Diffree: Text-Guided Shape Free Object Inpainting with Diffusion Model
- URL: http://arxiv.org/abs/2407.16982v1
- Date: Wed, 24 Jul 2024 03:58:58 GMT
- Title: Diffree: Text-Guided Shape Free Object Inpainting with Diffusion Model
- Authors: Lirui Zhao, Tianshuo Yang, Wenqi Shao, Yuxin Zhang, Yu Qiao, Ping Luo, Kaipeng Zhang, Rongrong Ji,
- Abstract summary: We introduce Diffree, a Text-to-Image (T2I) model that facilitates text-guided object addition with only text control.
In experiments, Diffree adds new objects with a high success rate while maintaining background consistency, spatial, and object relevance and quality.
- Score: 81.96954332787655
- License: http://creativecommons.org/licenses/by/4.0/
- Abstract: This paper addresses an important problem of object addition for images with only text guidance. It is challenging because the new object must be integrated seamlessly into the image with consistent visual context, such as lighting, texture, and spatial location. While existing text-guided image inpainting methods can add objects, they either fail to preserve the background consistency or involve cumbersome human intervention in specifying bounding boxes or user-scribbled masks. To tackle this challenge, we introduce Diffree, a Text-to-Image (T2I) model that facilitates text-guided object addition with only text control. To this end, we curate OABench, an exquisite synthetic dataset by removing objects with advanced image inpainting techniques.

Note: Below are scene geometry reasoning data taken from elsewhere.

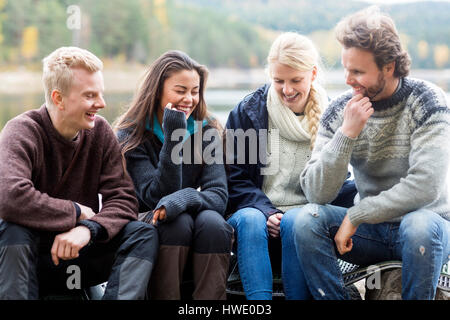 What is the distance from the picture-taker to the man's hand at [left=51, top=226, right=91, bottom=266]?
1569 millimetres

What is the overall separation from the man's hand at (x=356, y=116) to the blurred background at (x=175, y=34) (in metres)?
0.91

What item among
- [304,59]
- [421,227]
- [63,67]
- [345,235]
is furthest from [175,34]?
[421,227]

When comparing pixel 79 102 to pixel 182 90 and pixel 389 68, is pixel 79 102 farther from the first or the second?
pixel 389 68

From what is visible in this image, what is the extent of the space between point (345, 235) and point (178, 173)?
24.8 inches

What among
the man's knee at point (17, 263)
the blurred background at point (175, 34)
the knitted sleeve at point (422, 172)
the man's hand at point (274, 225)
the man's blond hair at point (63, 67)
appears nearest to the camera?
the man's knee at point (17, 263)

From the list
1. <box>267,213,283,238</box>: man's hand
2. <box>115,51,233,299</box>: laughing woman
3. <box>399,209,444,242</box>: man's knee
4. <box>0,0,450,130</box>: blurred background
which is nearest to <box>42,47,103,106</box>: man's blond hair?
<box>115,51,233,299</box>: laughing woman

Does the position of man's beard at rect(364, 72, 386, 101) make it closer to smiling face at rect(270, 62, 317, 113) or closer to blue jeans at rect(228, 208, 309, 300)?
smiling face at rect(270, 62, 317, 113)

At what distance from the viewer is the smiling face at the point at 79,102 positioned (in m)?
1.73

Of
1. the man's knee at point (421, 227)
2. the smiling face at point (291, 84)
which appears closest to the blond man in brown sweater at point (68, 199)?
the smiling face at point (291, 84)

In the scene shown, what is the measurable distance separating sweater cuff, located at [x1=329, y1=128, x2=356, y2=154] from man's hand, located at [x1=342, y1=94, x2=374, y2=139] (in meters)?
0.01

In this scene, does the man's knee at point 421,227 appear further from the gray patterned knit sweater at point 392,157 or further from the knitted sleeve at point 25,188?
the knitted sleeve at point 25,188

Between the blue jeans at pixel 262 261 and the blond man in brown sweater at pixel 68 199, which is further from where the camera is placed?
the blue jeans at pixel 262 261

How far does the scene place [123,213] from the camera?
173 centimetres

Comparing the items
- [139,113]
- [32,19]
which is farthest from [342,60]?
[32,19] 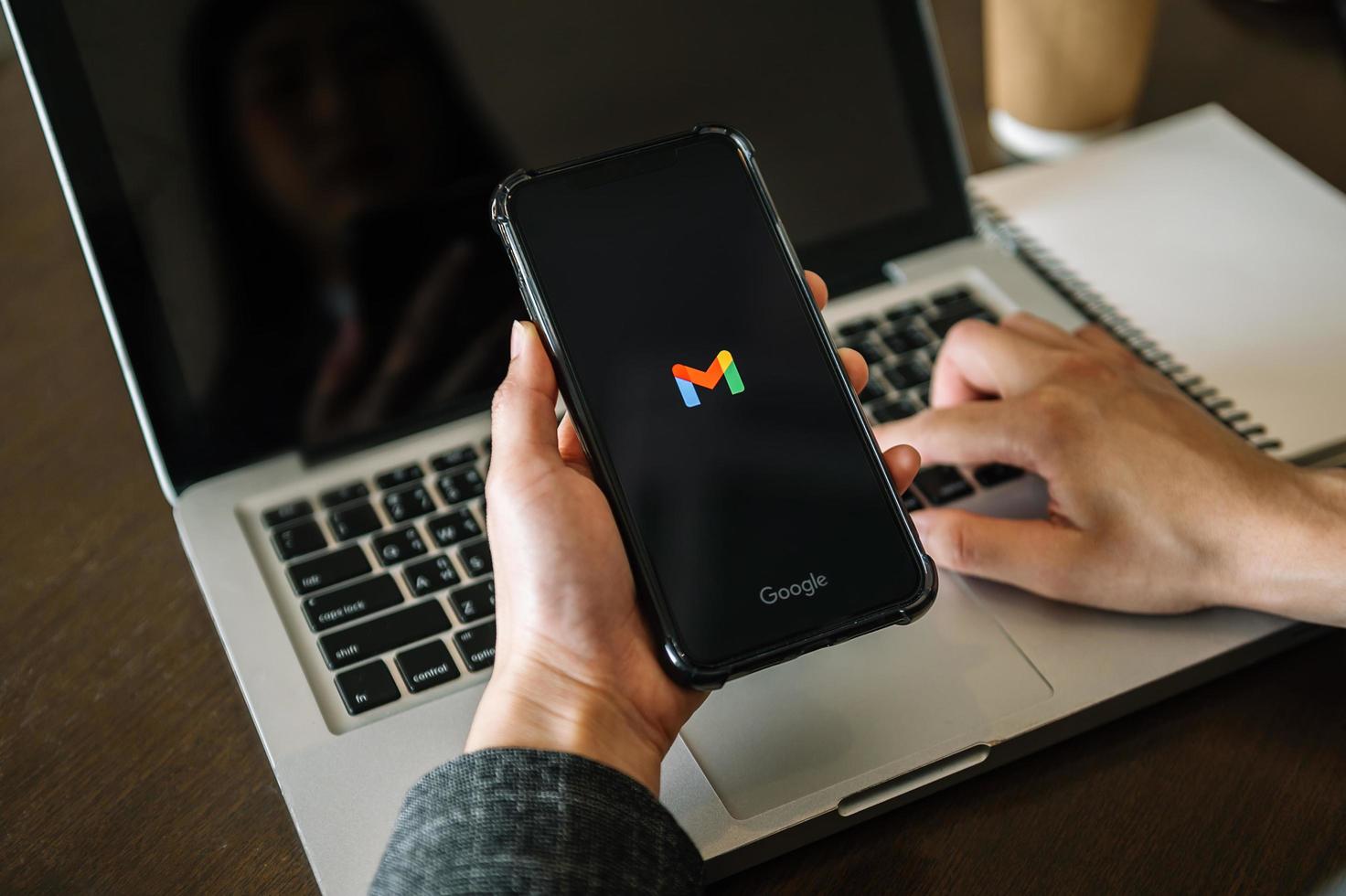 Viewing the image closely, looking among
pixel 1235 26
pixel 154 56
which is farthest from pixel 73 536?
pixel 1235 26

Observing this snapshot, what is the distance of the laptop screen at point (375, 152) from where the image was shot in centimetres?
63

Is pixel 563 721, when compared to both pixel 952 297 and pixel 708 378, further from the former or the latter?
pixel 952 297

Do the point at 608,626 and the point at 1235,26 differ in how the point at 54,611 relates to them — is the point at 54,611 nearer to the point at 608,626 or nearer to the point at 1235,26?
the point at 608,626

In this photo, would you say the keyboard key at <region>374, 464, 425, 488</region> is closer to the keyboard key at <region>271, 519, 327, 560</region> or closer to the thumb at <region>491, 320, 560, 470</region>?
the keyboard key at <region>271, 519, 327, 560</region>

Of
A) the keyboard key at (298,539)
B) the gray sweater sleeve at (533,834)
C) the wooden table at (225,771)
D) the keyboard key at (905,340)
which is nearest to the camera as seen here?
the gray sweater sleeve at (533,834)

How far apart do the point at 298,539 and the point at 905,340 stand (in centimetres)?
38

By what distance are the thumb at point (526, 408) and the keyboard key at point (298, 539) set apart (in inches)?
6.2

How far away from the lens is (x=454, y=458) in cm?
68

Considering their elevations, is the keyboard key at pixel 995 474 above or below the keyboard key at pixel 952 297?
below

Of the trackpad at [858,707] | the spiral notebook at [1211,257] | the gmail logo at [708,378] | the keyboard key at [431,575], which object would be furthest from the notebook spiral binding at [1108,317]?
the keyboard key at [431,575]

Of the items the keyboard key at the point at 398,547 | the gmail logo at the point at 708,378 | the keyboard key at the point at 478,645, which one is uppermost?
the gmail logo at the point at 708,378

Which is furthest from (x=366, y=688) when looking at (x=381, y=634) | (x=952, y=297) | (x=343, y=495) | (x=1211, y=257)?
(x=1211, y=257)

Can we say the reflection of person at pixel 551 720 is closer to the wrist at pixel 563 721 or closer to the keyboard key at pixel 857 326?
the wrist at pixel 563 721

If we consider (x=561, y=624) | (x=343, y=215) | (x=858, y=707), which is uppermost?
(x=343, y=215) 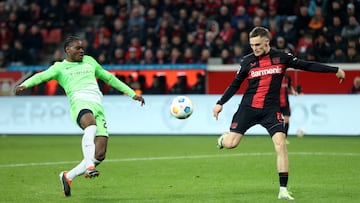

OABench comprises 74K real-world tuples of an original image, an inpainted image with the object removed, an object mask, and object descriptions. Trained on OABench using the Stable Diffusion model with an additional mask prediction module, Diffree uniquely predicts the position of the new object and achieves object addition with guidance from only text. Extensive experiments demonstrate that Diffree excels in adding new objects with a high success rate while maintaining background consistency, spatial appropriateness, and object relevance and quality.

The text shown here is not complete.